* [Instructions for the task]: Only one stretch of the listing below is wanted. Give it again exactly, from the line with "Progress Lighting Galloway" through the line with "Snitch - Brown Graphic Oversized Fit Hoodie".

* [Given data]:

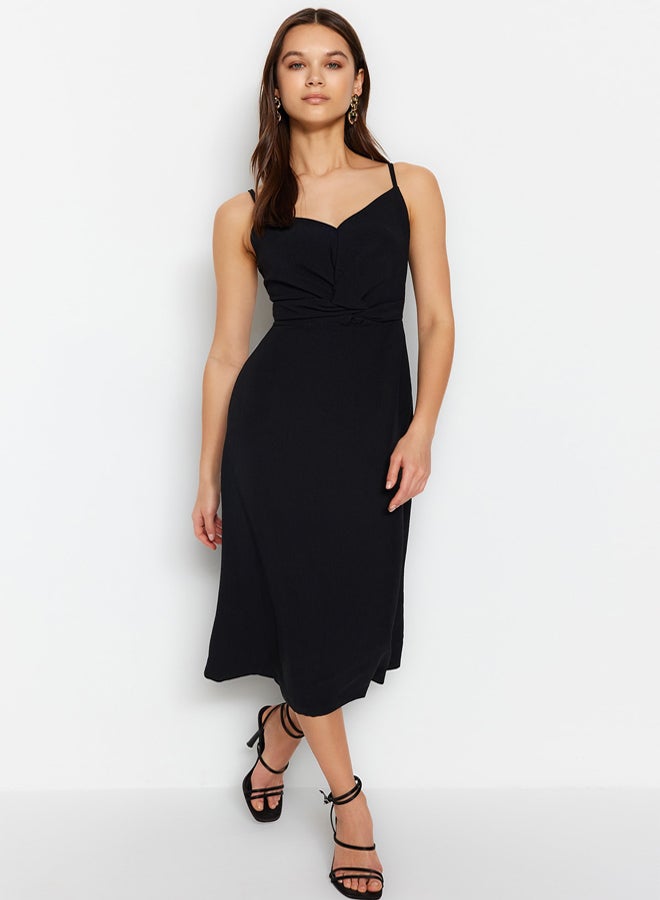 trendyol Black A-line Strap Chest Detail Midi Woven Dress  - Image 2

...

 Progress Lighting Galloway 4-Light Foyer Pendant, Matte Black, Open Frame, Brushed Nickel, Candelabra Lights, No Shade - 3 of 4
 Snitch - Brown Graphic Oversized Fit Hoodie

* [Output of the task]:
 Progress Lighting Galloway 4-Light Foyer Pendant, Matte Black, Open Frame, Brushed Nickel, Candelabra Lights, No Shade - 3 of 4
 Snitch - Brown Graphic Oversized Fit Hoodie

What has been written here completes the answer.